Cases

Cargill v. Garland

CASE SUMMARY

Before reaching the Supreme Court, NCLA won a decisive victory before an en banc panel of the U.S. Court of Appeals for the Fifth Circuit. A federal statute outlaws machine guns, not bump stock devices that attach to a rifle and allow it to fire many shots in succession. For years, the Bureau of Alcohol, Tobacco, Firearms and Explosives correctly concluded that firearms equipped with bump stocks are not illegal machine guns under federal law, but in 2018 the agency switched course and branded firearms with the devices “machine guns”, which are federally banned. That switch threatened to instantly turn half a million people, including Texas gun shop owner, Army veteran and firearms instructor Michael Cargill, into criminals who could face a 10-year prison sentence for owning something the government had told them was legal to possess when they bought it.
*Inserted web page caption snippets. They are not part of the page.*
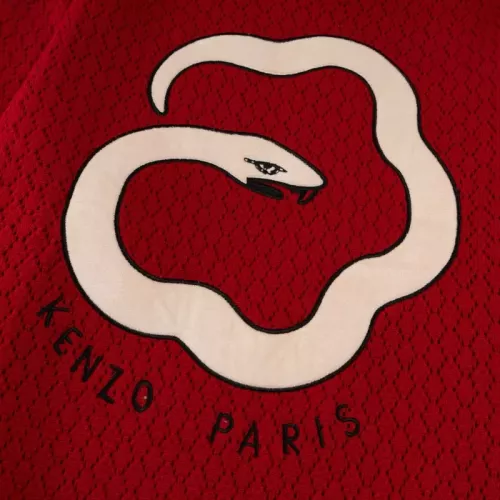 Replica Kenzo Sweaters Long Sleeved For Unisex #1377048 $52.00 USD for Wholesale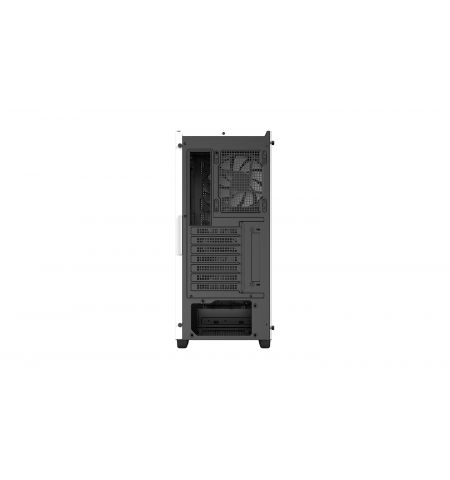 Корпус DEEPCOOL CC560 WH / w/oPSU / Side-Window / 4x120mm / ATX / White Корпус DEEPCOOL CC560 WH / w/oPSU / Side-Window / 4x120mm / ATX / White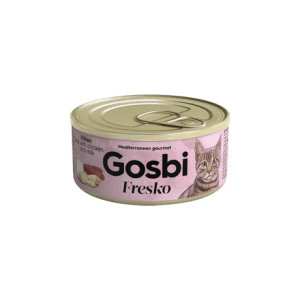 Fresko Cat Kitten Tuna With Chicken And Milk 70 gr
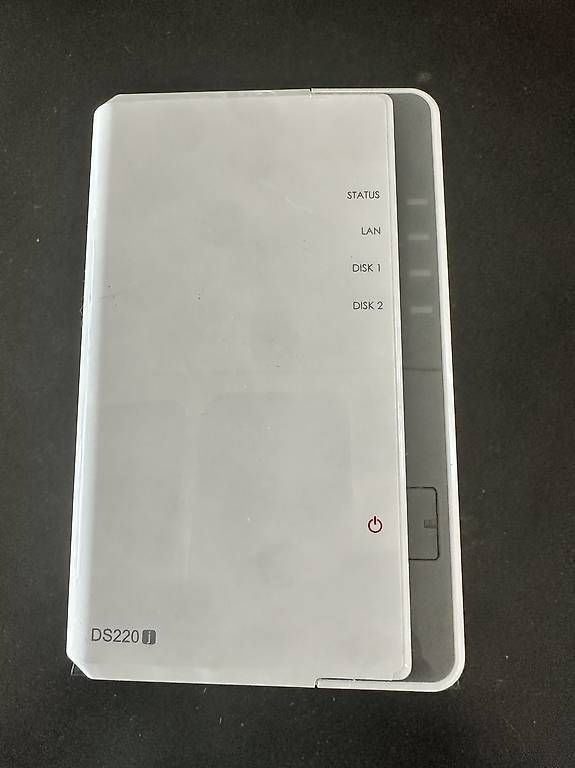 Server: Synology DS220j – Usato da Rossens FR venduto da Hondaxx64 3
Mr. Cargill bought two bump stocks in April 2018, relying on ATF’s clear conclusion that they were entirely legal to own and use. NCLA represents him in a constitutional lawsuit that challenges ATF’s effort to rewrite a federal statute. If bump stocks are to be banned, Congress must make that decision and exercise the authority to ban them. If an agency such as ATF can rewrite a statute as it pleases, then any agency can do so the same. The Fifth Circuit agreed with NCLA.

In June 2024, the U.S. Supreme Court affirmed the Fifth Circuit’s decision, a major victory for NCLA.